[Exercise goal]
An exact copy of every record, with no pictures, please.

[Recorded data]
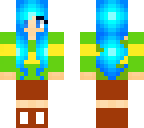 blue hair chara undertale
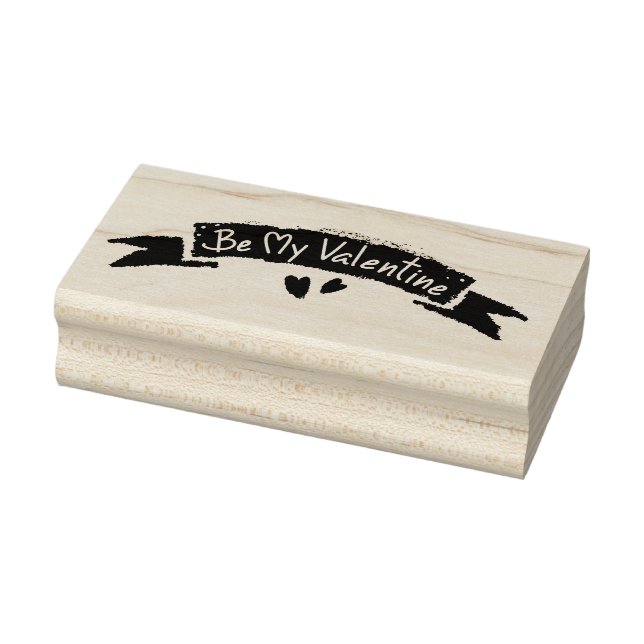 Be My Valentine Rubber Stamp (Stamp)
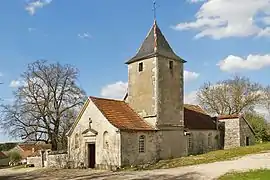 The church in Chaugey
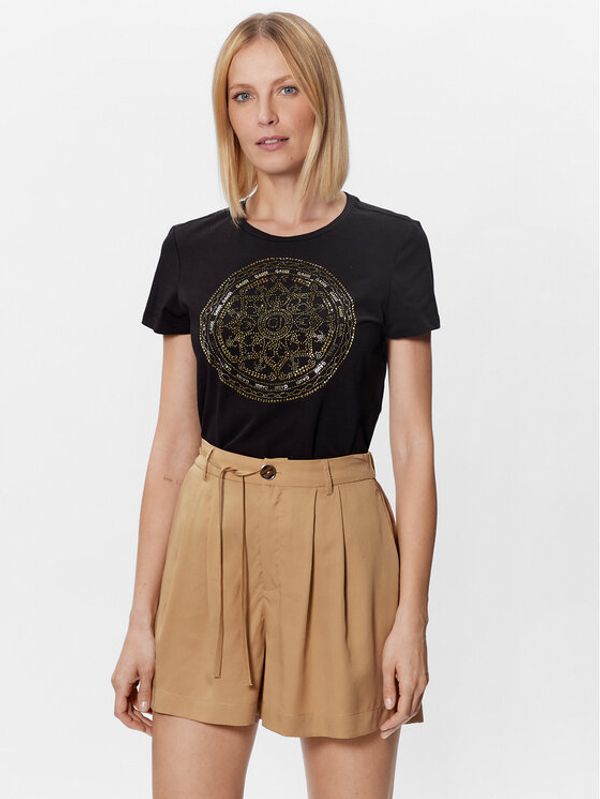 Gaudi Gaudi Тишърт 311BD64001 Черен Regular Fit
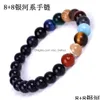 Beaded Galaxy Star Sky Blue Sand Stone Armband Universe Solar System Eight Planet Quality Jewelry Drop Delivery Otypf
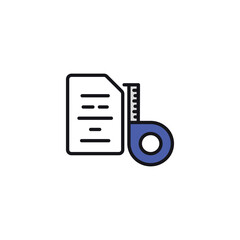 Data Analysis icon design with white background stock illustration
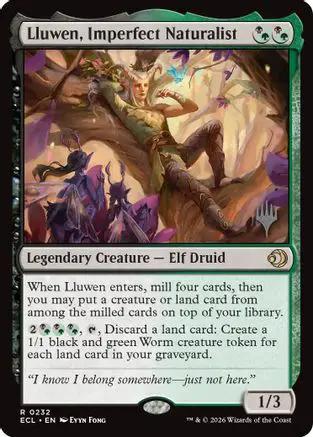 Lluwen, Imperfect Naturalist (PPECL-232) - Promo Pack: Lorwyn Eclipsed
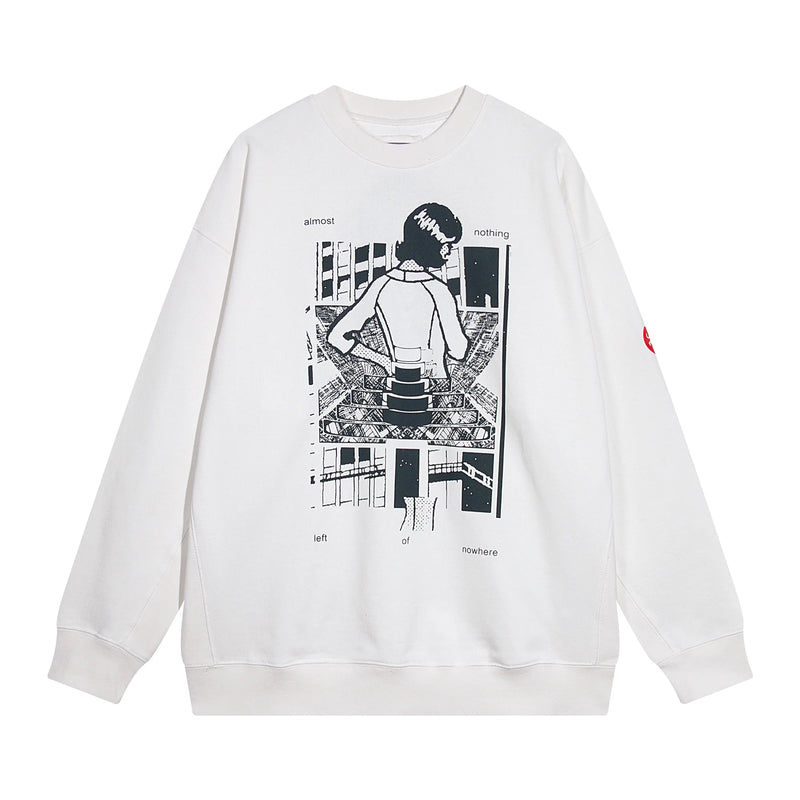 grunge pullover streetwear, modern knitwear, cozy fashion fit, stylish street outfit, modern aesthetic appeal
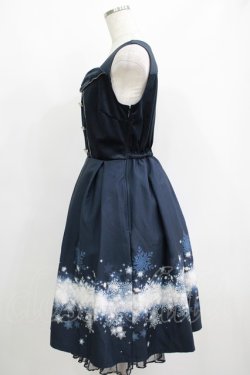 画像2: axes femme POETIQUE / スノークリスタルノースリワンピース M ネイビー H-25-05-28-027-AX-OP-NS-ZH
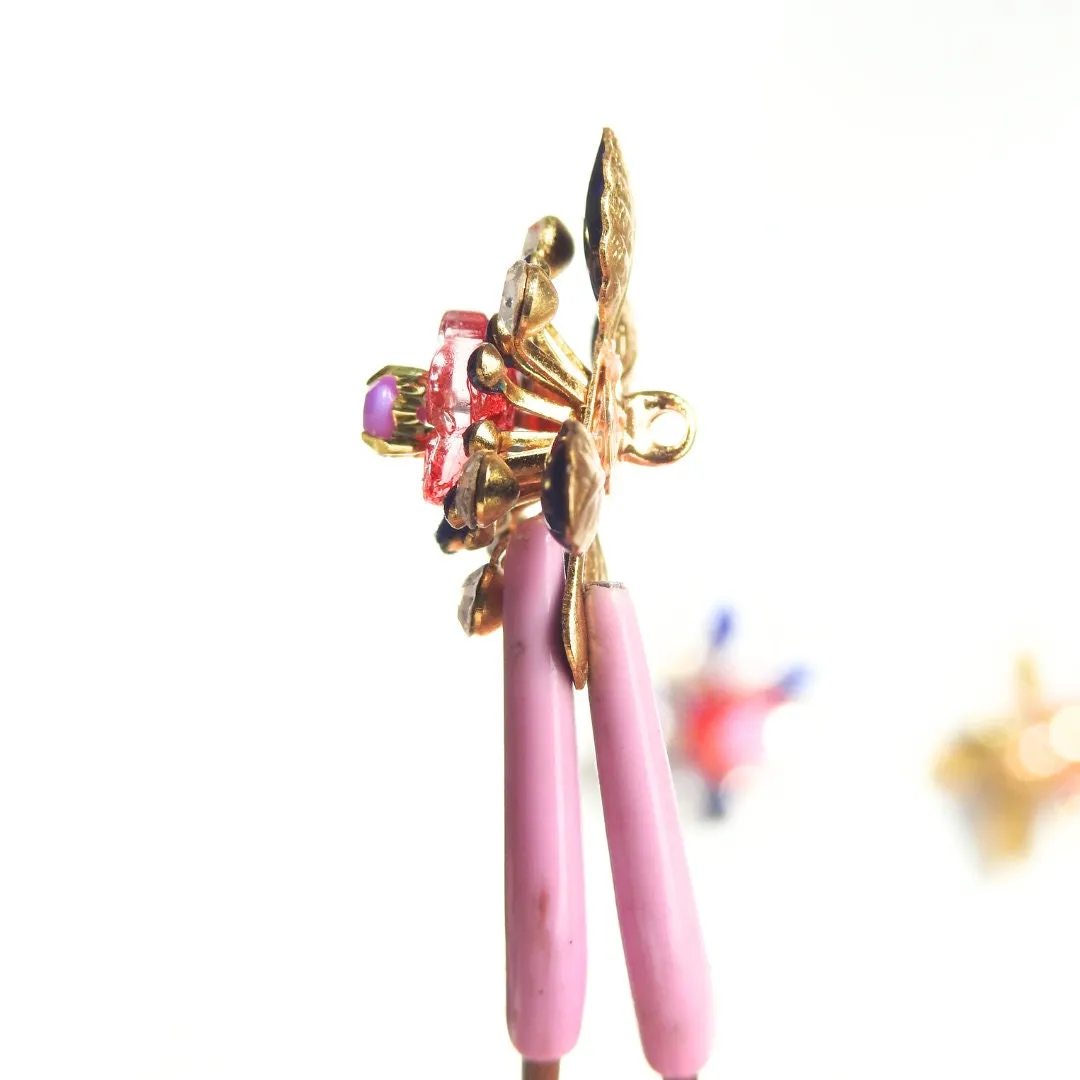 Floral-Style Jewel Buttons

[Exercise output]
 blue hair chara undertale
 Be My Valentine Rubber Stamp (Stamp)
 The church in Chaugey
 Gaudi Gaudi Тишърт 311BD64001 Черен Regular Fit
 Beaded Galaxy Star Sky Blue Sand Stone Armband Universe Solar System Eight Planet Quality Jewelry Drop Delivery Otypf
 Data Analysis icon design with white background stock illustration
 Lluwen, Imperfect Naturalist (PPECL-232) - Promo Pack: Lorwyn Eclipsed
 grunge pullover streetwear, modern knitwear, cozy fashion fit, stylish street outfit, modern aesthetic appeal
 画像2: axes femme POETIQUE / スノークリスタルノースリワンピース M ネイビー H-25-05-28-027-AX-OP-NS-ZH
 Floral-Style Jewel Buttons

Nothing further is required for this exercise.